▶ **Directions**:
Transcribe the whole listing below. Pictures do not go in the copy.

▶ **The data**:
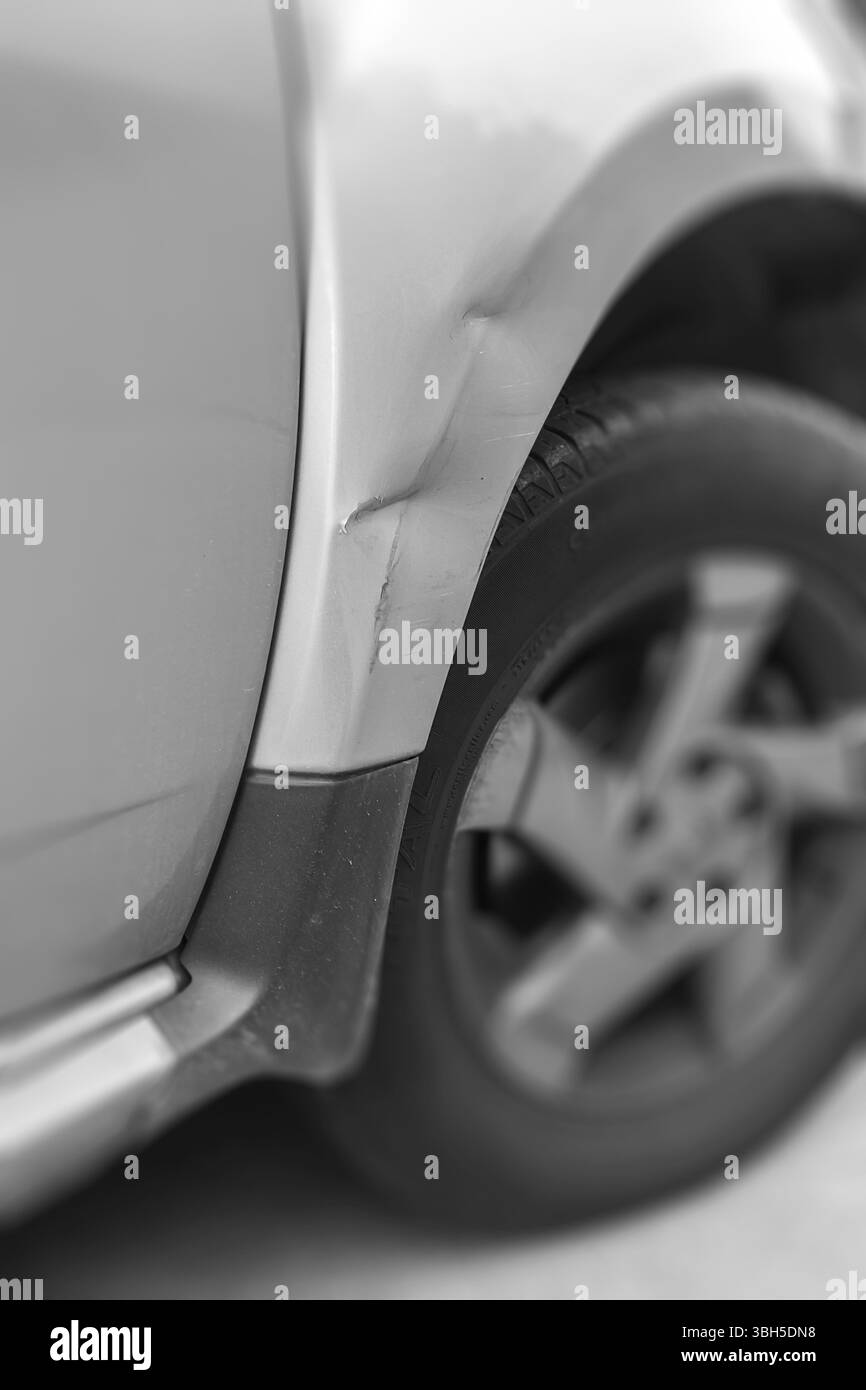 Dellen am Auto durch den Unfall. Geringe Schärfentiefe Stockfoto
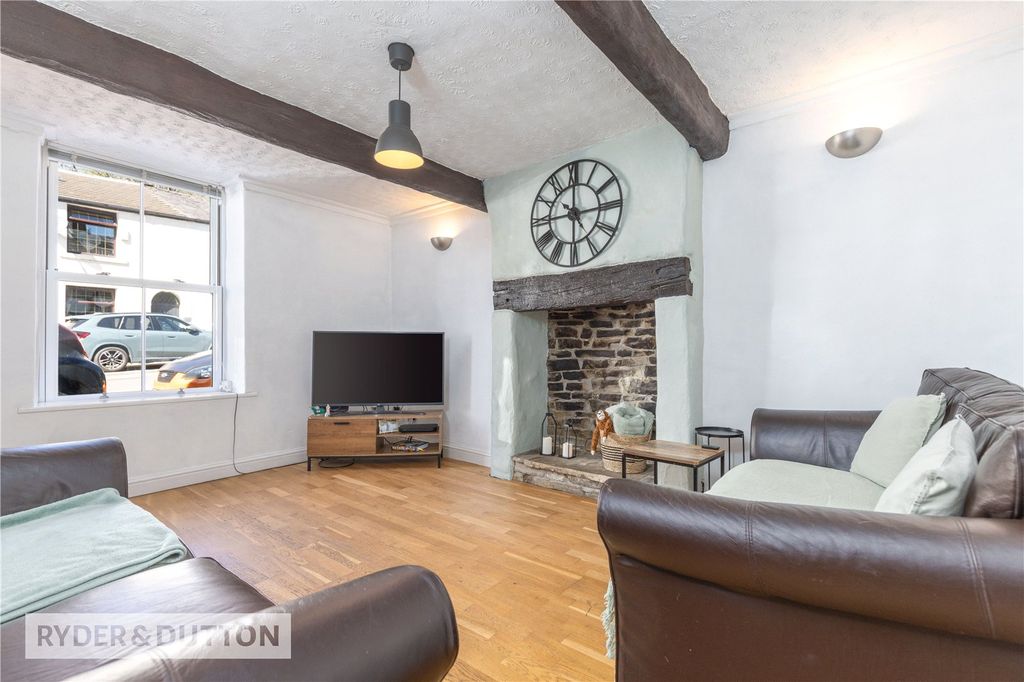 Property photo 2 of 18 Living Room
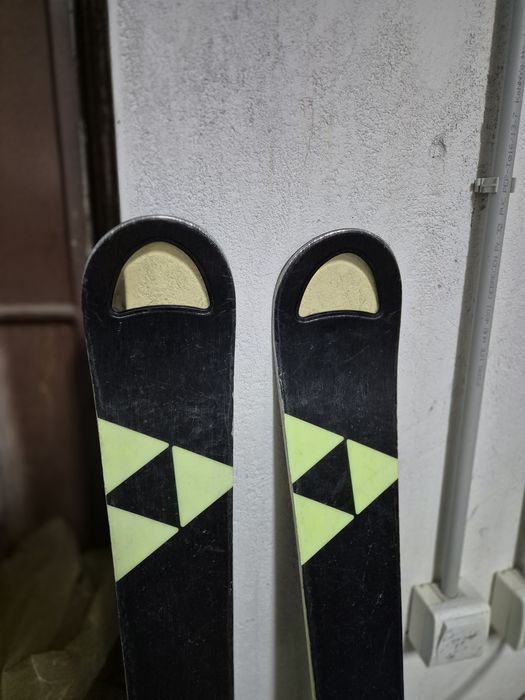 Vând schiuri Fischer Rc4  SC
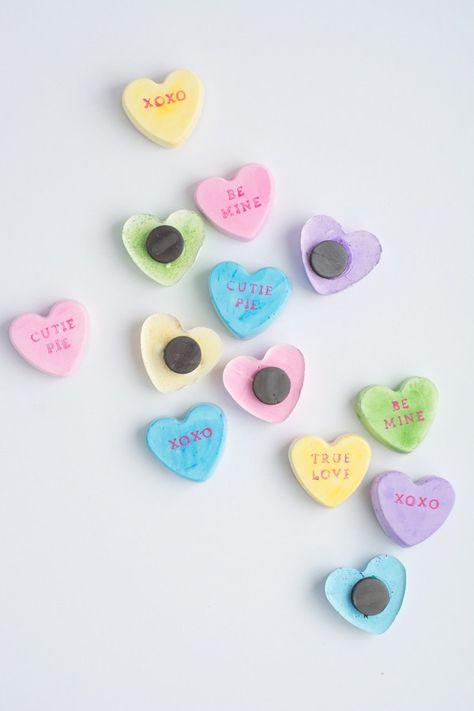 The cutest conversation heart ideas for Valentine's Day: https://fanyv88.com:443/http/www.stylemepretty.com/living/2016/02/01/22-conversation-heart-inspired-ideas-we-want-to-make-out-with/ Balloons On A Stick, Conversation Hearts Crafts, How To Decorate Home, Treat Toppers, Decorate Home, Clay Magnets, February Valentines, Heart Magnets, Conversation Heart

▶ **Answer box**:
 Dellen am Auto durch den Unfall. Geringe Schärfentiefe Stockfoto
 Property photo 2 of 18 Living Room
 Vând schiuri Fischer Rc4  SC
 The cutest conversation heart ideas for Valentine's Day: https://fanyv88.com:443/http/www.stylemepretty.com/living/2016/02/01/22-conversation-heart-inspired-ideas-we-want-to-make-out-with/ Balloons On A Stick, Conversation Hearts Crafts, How To Decorate Home, Treat Toppers, Decorate Home, Clay Magnets, February Valentines, Heart Magnets, Conversation Heart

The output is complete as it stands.